== WHAT THE TASK REQUIRES ==
Your output should be everything below from the line containing "Random Amazon finds" down to the line containing "This one says", both ends included, copied exactly, with pictures left out.

*** WORKING DATA ***

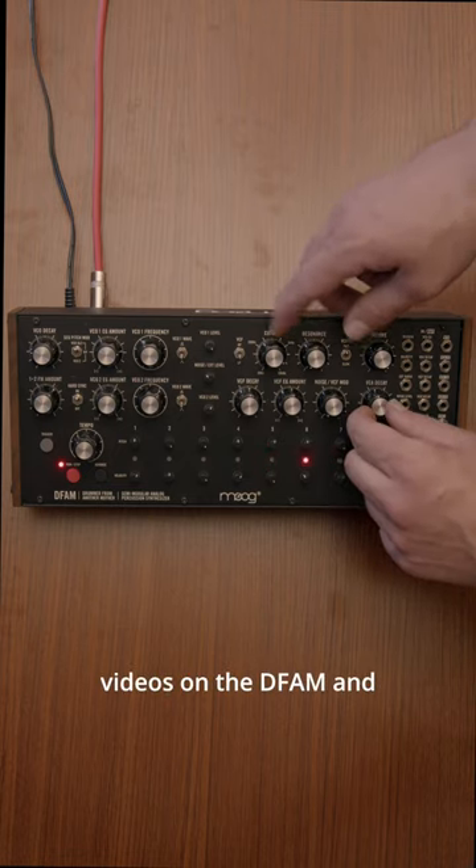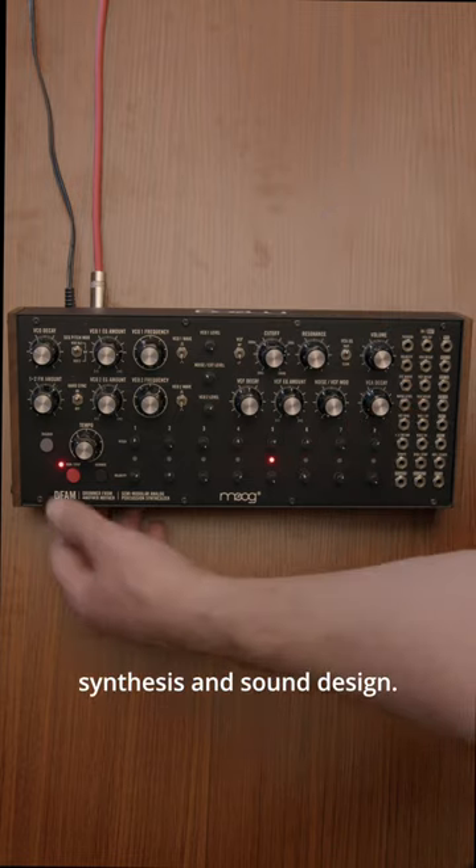Stay tuned for later videos on the DFAM, and follow us for more insight into the world of synthesis and sound design.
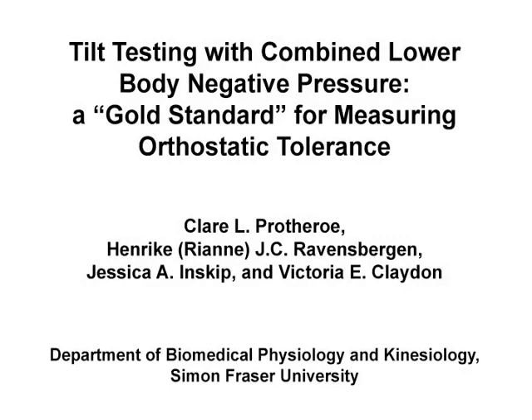The overall goal of the following experiment is to describe a gold standard for evaluating orthostatic tolerance. This test can be combined with non-invasive evaluations of cardiovascular reflex control.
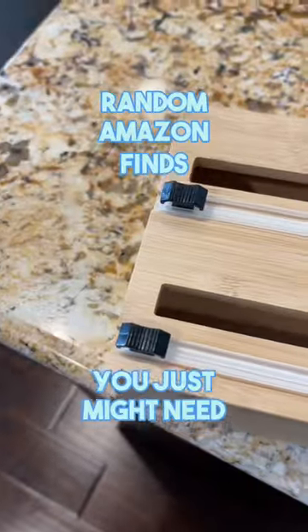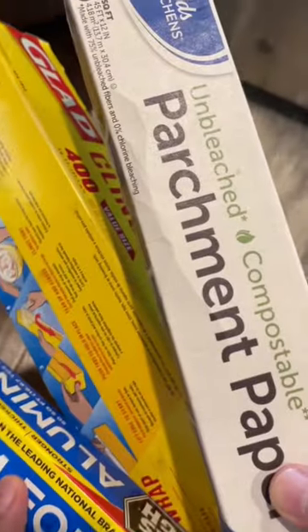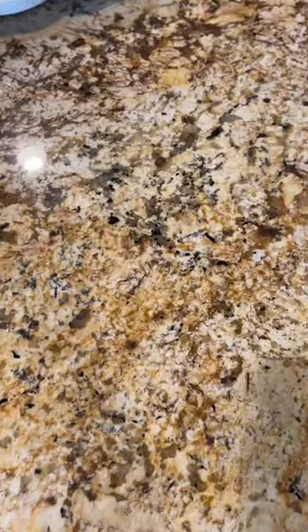Random Amazon finds you just might need. This is a two-in-one dispenser that lets you neatly store rolls of foil, plastic wrap, or parchment paper so you don't have to mess with a bunch of boxes.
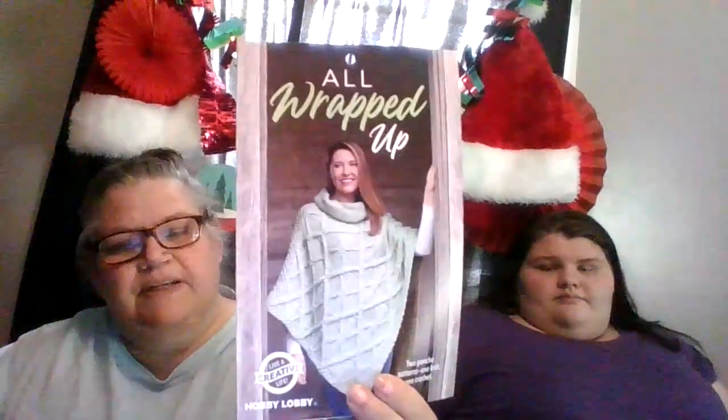This one says 'All Wrapped Up,' and it has this pretty little wrap, and it's free. It's laying right there, hanging next to the yarn, and you can pick up whatever you want out of it.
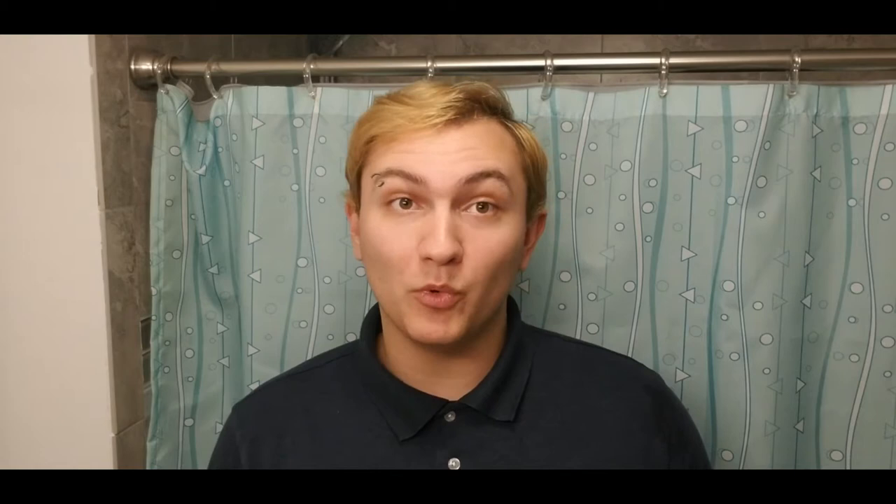Today we're going to be using the Clean and Easy Wax Tweez-Free Hard Wax for Eyebrows. I'm quickly going to open her up, read the directions, and then we'll come back. The directions basically say to heat the wax up in the microwave, make sure it's not too hot, apply it to your eyebrows, wait until it cools a little bit and becomes pliable, and then rip it off. So let's go do that.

*** End of WORKING DATA ***

== TASK OUTPUT ==
Random Amazon finds you just might need. This is a two-in-one dispenser that lets you neatly store rolls of foil, plastic wrap, or parchment paper so you don't have to mess with a bunch of boxes.
This one says 'All Wrapped Up,' and it has this pretty little wrap, and it's free. It's laying right there, hanging next to the yarn, and you can pick up whatever you want out of it.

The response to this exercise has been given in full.